A mobilização dos coralistas para adoptarem rotinas e disciplina coral constituiu um objectivo bem sucedido. Aquando da inauguração eu já tinha 17 anos. O Orfeão era composto por pessoas até aos 80 anos, havendo uma maioria de idosos. Recordo-me do Sargento Porto, meu primo, já octogenário então.
1984 foi também o ano em que inaugurámos no Clube o nosso primeiro Conjunto Musical de baile “Estrela Verde”.
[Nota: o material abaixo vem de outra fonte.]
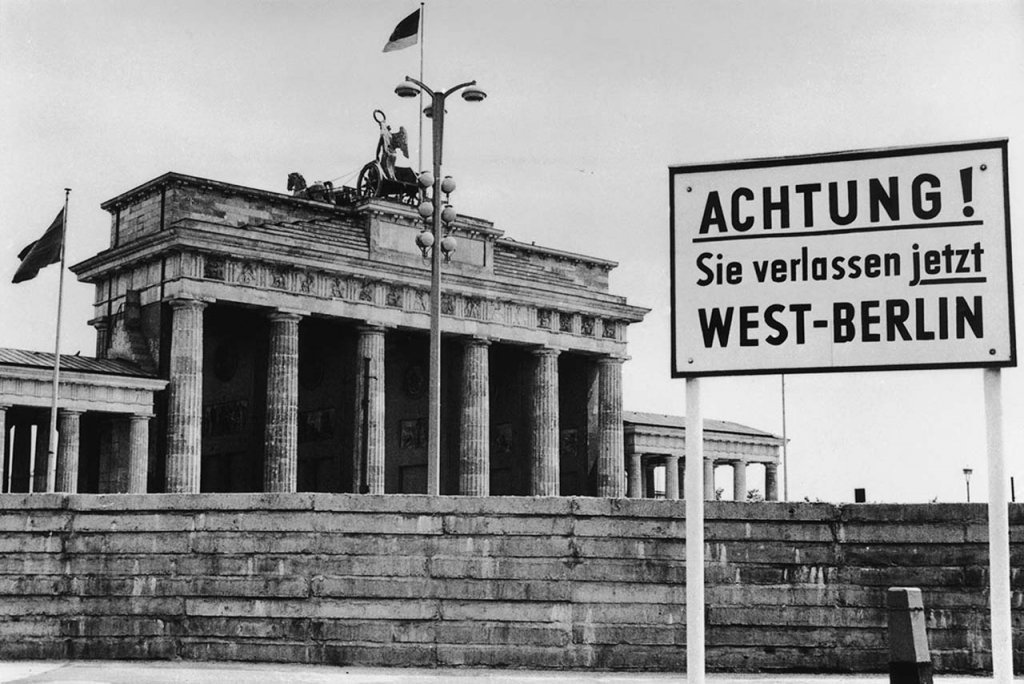 Berlin Wall 1961 (1_243).jpg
Este orfeão mobilizou e formou algumas dezenas de coralistas durante cerca de três anos. No ano de 1985 fui convidado pelo então presidente da direcção, José Ramoa Ferreira de saudosa memória, a ouvir alguns singles e álbuns com canções sobre poemas de Vasco de Lima Couto. Estas tertúlias deram aso a que viessem a integrar no repertório do orfeão algumas composições que harmonizei com temas de António Sala, Gina Maria, Verónica (mulher do maestro Jorge Machado da orquestra ligeira) e outros autores. Os nossos concertos chegaram ao Concelho de Abrantes, Vila Nova da Barquinha, Tomar e Lisboa, com chave de ouro no Palácio das Galveias, pelo menos.
O orfeão interpretou ainda peças dos compositores Manuel Faria, Joel Canhão, Fernando Lopes Graça, Mozart, a título de exemplo.
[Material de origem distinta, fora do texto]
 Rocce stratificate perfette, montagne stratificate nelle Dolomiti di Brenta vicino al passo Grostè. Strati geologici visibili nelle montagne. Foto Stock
O nosso orfeão interpretou algumas composições inéditas de minha autoria, criadas para a Proposição de “Os Lusíadas”, composições escrutinadas pelo professor de composição António Guimarães Duarte. Naquele tempo não havia a facilidade de hoje na divulgação de som e de imagens. Fica o registo sobre os factos…
Passados que são 37 anos sobre esta inauguração olhamos para trás e reparamos que muitos dos nossos coralistas já partiram, e é grande a saudade que fica e a ternura.
O orfeão constituiu um meio eficaz e um espaço de socialização numa comunidade do interior em que ainda se estava à lareira e só havia dois canais de televisão. Nem toda a gente tinha televisão. Quantos não iam ver TV para casa de um vizinho? O telefone? Poucos havia. Estas contingências tornavam as pessoas mais próximas, mais solidárias e menos egoístas? É um tema interessante…
Neste aniversário do Clube Estrela Verde de Constância recordo que o Clube tinha herdado hábitos do tempo da Legião Portuguesa (o edifício foi cedido por testamento para usufruto de escola feminina por Jacintho da Silva Falcão), com os seus espaços de entretenimento. Havia sala com TV, de jogos de cartas, biblioteca, bar, sala com ping Pong, snooker.
As nossas festa eram feitas com a prata da casa: fanfarra dos bombeiros, deporto do CEV, conjunto musical do CEV, orfeão do CEV, grupo de teatro do CEV e grupo de variedades do CEV.
A noite em Constância era passada no Clube. “Onde vais? Vou para o clube” era recorrente ouvir-se.
A colectividade mobilizava a população da Vila.
E cumpria uma função insubstituível de socialização.
O associativismo é a agregação livre dos cidadãos, por forma a prosseguir objectivos sociais, de forma democrática, sem interferência das autoridades públicas na sua gestão.
As nossas actividades e funções não eram subsidiadas pela Câmara Municipal de Constância. Todo o trabalho era voluntário. Os estatutos do Clube proibiam expressamente a ingerência política.
O clube, hoje, adaptou-se a uma nova modalidade desportiva e tem feito os seus créditos. Mérito da direcção e dos jovens atletas. Mas a chamada socialização e solidariedade entre gerações não é mais a mesma.
A comunidade mudou e os tempos são outros?
As novas gerações em geral não foram educadas para a solidariedade nem para o esforço e sacrifício pessoais. Essa é uma questão cultural que só os pais podem inverter.
Há jovens que conseguem passar horas numa esplanada a beber cerveja a quem não passaria pela cabeça ter de abrir o clube todos os dias, varrê-lo, servir no bar e depois ir ensaiar um orfeão, um conjunto, ou teatro, regressando a casa de madrugada. Vocês sabem lá!